Dad used a pair of barber's scissors, quite different from Ma's kitchen scissors and the scissors I used for cutting paper and cardboard. He also had several sets of hand clippers, and that was the bit I didn't like. They occasionally got jammed in my hair.

Snip snip snip snip wrench. "Ow!", I yelled. He growled, blamed me, told me to sit still, and continued.

My infant school girlfriend's father had a tobacconist shop in the town, with a barber's salon at the back. Except that "salon" is far too grand a word. It was just a back room with half a dozen chairs, a large mirror on the wall, a barber's chair, and a kitchen sink. At some stage, I started going there for my haircuts. At least he didn't jam his clippers in my hair. In fact, he used electric clippers. A luxury to enjoy after those years of intermittent torture.

By the time I won an 11-Plus scholarship and started at grammar school, I had started growing my hair the way I wanted to grow it, not in the very short back and sides fashion. Reasonably short back and sides were, I suppose, compulsory but I grew the rest of it as long as I dare. I had to be able to pull the hair down from my forehead and put it in my mouth. There was no dietary reason for this, by the way, given that I also used to chew my tie. Not all the time, you understand. Only when I felt like it.

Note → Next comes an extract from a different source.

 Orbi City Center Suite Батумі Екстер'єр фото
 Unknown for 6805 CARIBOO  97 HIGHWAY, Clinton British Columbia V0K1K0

In those days, men used hair-oil. So I started to use hair-oil. Brylcreem, to be precise. It made you feel like a man of the moment because you knew that Dennis Compton, the great cricketer, also used it. Well, he advertised it, so you assumed he used it and he had lovely glossy black hair. Longish for the time, too.

There came a time when, like most other schoolboys, I grew my hair longer, all over my head, but the long hair at the front plus Brylcreem could make a real mess of my glasses. Let me explain.

In the 1950s, I was a biker. Not a bikie. A biker. My second motorcycle was a BSA 250cc 4-stroke with a tall plastic windshield attached to the handlebars. When I was driving at speed, the wind blew over the top of the windshield and straight onto my head. The long and very greasy hair thereupon disported itself in tangled fury and wiped itself all over my specs and I couldn't see where I was going.

My solution was to go to the barber and have something akin to a crew cut. Not quiet as short as a crew cut but perhaps more akin to the style of ancient Roman emperors. For several years.

But I also went to the chemist (supermarkets were few and far between in the olden days) to look for something non-greasy. Thereafter, I used Silvikrin hair dressing without oil or with only a small amount of oil. It wasn't until the 1970s that a helpful chemist pointed out to me that it would be much cheaper and just as effective to use plain old bay rum. Lovely stuff, with its pleasant astringent sweet-and-sour aroma. By the time it became difficult to find in the shops, I realised I didn't need any hair dressing at all.

Now, what was once a dark brown forest has become a sparsely flowering area of brownish grey with pink clearings in its midst. There is no longer enough of it in the widow's peak to grow long at the front, so I have to be content to let the back grow longer than is respectable for a gentleman of my age. I don't waste money on sundry oils and potions any more. But I still wince at the memory of Dad's clippers.